PROBLEM REQUIREMENTS —
If a line in the records below contains "Football", copy that line.

---------- DATA FOR PROCESSING ----------

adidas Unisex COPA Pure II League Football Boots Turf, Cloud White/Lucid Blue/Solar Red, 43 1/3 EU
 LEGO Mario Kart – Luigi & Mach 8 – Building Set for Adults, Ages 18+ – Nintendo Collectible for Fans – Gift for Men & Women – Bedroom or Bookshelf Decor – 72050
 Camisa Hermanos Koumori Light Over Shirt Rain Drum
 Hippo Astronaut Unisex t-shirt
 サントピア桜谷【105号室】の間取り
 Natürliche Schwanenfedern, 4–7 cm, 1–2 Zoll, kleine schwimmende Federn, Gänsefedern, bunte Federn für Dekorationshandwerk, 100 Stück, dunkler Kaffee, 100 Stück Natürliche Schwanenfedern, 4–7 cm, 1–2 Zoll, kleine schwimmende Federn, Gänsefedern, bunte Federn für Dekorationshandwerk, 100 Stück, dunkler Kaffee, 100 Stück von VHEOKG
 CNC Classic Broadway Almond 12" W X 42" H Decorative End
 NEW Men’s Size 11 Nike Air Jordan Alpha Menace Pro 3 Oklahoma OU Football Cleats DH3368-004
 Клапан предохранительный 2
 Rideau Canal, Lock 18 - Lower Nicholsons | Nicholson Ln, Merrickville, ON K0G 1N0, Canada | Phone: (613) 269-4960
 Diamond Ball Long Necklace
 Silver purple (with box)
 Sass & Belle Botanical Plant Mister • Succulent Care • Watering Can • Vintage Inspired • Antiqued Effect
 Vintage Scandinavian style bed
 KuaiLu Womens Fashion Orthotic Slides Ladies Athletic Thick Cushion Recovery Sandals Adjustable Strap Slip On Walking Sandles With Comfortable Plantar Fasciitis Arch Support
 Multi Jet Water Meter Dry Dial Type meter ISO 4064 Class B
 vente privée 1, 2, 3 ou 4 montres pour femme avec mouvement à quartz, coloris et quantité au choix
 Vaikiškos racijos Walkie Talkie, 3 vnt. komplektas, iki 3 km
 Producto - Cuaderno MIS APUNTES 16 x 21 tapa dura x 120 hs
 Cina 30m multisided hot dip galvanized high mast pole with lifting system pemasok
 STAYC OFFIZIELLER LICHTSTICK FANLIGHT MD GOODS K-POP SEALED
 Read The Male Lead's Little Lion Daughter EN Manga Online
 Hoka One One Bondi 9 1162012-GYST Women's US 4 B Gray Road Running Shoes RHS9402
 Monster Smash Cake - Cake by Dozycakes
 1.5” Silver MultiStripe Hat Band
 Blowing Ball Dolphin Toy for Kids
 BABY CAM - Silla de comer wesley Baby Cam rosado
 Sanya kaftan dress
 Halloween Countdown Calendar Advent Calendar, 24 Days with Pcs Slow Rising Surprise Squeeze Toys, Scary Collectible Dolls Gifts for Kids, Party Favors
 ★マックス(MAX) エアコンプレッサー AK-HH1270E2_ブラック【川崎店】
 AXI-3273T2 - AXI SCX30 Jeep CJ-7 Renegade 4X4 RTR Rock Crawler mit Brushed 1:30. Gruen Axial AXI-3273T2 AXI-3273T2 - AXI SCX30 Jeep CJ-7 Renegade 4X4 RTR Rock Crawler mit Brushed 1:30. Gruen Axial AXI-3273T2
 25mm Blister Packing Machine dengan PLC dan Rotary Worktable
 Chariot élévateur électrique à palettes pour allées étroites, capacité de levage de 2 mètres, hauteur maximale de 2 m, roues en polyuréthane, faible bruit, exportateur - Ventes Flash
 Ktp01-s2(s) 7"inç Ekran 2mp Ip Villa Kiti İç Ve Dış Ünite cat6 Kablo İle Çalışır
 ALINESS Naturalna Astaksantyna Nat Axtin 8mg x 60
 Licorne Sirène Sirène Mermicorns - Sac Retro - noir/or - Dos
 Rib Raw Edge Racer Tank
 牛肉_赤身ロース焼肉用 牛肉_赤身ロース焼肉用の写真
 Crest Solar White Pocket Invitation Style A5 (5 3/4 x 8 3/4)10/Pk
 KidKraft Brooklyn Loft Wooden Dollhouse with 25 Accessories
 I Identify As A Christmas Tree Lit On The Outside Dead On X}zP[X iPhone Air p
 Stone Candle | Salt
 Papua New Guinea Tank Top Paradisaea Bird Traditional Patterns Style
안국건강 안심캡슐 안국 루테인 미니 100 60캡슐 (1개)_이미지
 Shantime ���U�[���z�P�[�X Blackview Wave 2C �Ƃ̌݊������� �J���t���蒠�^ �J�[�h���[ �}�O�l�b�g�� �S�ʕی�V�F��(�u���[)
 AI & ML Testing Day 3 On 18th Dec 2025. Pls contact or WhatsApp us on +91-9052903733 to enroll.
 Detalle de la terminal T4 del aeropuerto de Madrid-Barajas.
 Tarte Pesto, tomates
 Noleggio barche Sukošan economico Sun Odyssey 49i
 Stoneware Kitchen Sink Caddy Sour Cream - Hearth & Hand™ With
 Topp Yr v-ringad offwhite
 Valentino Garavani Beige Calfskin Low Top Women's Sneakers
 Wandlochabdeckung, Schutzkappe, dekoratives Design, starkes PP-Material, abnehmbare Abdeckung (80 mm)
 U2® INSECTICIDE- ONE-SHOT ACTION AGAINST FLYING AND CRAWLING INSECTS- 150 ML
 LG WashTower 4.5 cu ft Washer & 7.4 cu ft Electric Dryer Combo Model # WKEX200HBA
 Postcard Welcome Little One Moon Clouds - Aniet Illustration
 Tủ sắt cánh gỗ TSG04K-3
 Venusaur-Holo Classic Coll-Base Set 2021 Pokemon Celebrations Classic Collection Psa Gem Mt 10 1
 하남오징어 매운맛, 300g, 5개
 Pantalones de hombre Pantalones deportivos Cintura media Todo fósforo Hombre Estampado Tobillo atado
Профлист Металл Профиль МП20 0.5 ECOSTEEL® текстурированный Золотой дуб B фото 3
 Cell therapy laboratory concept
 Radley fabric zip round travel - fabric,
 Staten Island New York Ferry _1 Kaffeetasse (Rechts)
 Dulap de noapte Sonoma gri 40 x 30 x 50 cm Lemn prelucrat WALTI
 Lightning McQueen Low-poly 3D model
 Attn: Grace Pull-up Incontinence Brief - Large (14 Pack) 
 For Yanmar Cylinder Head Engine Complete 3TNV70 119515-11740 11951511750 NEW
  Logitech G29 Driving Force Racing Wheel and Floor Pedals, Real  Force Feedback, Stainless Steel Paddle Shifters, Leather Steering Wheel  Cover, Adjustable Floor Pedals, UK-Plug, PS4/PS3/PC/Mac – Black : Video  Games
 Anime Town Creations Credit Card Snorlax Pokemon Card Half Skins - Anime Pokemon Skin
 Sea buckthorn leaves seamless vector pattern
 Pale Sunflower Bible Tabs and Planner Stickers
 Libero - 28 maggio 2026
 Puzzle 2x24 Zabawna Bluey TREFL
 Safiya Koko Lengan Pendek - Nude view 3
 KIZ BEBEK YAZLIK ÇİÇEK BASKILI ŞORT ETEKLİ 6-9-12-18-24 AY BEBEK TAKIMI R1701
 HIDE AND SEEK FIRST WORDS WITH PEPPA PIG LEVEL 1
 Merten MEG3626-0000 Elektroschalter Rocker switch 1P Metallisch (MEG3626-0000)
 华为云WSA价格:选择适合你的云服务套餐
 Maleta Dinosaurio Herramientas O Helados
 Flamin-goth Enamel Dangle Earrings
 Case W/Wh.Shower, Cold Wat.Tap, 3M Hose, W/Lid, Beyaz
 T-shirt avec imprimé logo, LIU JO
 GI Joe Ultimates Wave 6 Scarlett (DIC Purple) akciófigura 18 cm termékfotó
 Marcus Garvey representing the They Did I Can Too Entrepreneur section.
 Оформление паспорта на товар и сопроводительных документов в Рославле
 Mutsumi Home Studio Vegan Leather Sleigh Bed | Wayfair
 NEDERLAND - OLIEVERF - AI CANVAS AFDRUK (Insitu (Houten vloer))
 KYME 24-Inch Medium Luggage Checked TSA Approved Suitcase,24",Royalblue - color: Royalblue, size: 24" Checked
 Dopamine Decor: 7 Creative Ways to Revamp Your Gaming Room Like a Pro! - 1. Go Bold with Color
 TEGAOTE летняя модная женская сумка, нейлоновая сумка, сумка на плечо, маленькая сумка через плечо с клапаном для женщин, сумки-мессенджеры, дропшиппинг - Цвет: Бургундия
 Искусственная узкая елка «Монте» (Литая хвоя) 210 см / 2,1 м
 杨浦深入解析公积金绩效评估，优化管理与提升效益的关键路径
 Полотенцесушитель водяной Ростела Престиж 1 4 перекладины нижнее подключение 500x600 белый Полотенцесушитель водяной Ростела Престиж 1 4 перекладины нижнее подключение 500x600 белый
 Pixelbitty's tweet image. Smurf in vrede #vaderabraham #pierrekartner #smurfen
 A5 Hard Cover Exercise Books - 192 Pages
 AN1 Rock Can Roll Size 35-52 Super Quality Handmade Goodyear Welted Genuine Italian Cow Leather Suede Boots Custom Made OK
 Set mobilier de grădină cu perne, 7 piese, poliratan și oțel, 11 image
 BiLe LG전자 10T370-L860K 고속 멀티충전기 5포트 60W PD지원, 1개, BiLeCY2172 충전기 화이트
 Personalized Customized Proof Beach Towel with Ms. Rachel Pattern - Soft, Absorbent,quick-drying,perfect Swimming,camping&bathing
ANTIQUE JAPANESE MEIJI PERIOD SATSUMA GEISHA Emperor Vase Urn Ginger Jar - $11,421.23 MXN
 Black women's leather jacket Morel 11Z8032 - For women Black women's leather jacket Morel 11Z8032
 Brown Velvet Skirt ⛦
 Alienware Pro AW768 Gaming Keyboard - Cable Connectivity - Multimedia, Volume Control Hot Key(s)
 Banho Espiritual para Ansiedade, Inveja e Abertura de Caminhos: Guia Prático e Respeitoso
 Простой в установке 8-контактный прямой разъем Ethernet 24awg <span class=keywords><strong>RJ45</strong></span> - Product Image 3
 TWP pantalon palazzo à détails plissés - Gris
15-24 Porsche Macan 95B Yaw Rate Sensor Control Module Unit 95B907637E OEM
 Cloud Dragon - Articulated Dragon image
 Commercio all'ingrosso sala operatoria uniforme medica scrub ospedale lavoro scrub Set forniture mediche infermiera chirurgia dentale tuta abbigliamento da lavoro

----------

RESULT OF THIS TASK —
adidas Unisex COPA Pure II League Football Boots Turf, Cloud White/Lucid Blue/Solar Red, 43 1/3 EU
 NEW Men’s Size 11 Nike Air Jordan Alpha Menace Pro 3 Oklahoma OU Football Cleats DH3368-004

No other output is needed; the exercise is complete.